例えば遠い空の下


「半屋君は…どこか遠くに行きたくなる時ってない?」

八樹の突然の問いかけに、彼をずっと無視していた半屋が振り向いた。


半屋の定位置である工業科校舎裏のこの場所には、最近色々な人間がやって来るようになった。
それこそ数ヶ月前までは全くと言っていいほど、この場所に人は来なかった。
それは、半屋工という人物を誰もが恐れていたからだ。
しかし最近は…。


問いかけた八樹は、その内容とは全く合わない、穏やかな笑顔で半屋を見ていた。
八樹を良くは知らない女子生徒たちが大喜びして騒ぐ…あの笑顔だ。
その笑顔を見てしまった半屋は、何を問われたのか理解できなくなり…何も答えを返せなかった。

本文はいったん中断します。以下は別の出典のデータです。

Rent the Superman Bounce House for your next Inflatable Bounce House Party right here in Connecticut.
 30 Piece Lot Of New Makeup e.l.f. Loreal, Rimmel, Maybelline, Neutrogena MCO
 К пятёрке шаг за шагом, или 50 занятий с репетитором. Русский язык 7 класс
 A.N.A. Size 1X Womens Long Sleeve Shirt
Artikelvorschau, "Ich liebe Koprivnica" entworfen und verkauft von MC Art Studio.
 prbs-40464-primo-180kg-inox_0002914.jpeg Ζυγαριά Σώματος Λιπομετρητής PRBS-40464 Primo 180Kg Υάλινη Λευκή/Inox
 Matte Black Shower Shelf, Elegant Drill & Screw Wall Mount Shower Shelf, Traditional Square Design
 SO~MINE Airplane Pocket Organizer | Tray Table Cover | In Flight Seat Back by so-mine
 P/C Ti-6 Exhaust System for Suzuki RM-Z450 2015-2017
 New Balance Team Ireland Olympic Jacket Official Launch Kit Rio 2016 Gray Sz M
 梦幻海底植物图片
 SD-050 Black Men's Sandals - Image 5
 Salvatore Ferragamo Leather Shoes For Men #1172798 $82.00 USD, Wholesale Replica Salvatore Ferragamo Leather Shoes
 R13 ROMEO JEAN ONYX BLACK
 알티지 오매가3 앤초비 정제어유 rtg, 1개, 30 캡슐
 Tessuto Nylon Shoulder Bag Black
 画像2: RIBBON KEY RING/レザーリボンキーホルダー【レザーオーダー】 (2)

八樹宗長という名のこの男と話すのは、半屋にとって最も苦手な事である。
元々人と会話する事自体が相当苦手な彼ではあるが、相手が八樹となると、それは更に「苦手」という意識よりは「嫌悪」という感情に近くなる。
付き合いが浅い、というのもある。
そして認めたくはないが、一度は負けた人間だ、というのもある。
だが、何より彼の気分を害するのは、八樹と会話する理由、それが今のところ全て梧桐がらみであるという事実だった。
八樹という人間の存在自体が梧桐勢十郎という人物につながっている。
その事が彼の気持ちを揺るがせていた。


「俺はね、時々そう思う事があるんだ。」

八樹は何も答えない半屋の事など気にならないらしく、そのまま話を続ける。


気にならないのではない。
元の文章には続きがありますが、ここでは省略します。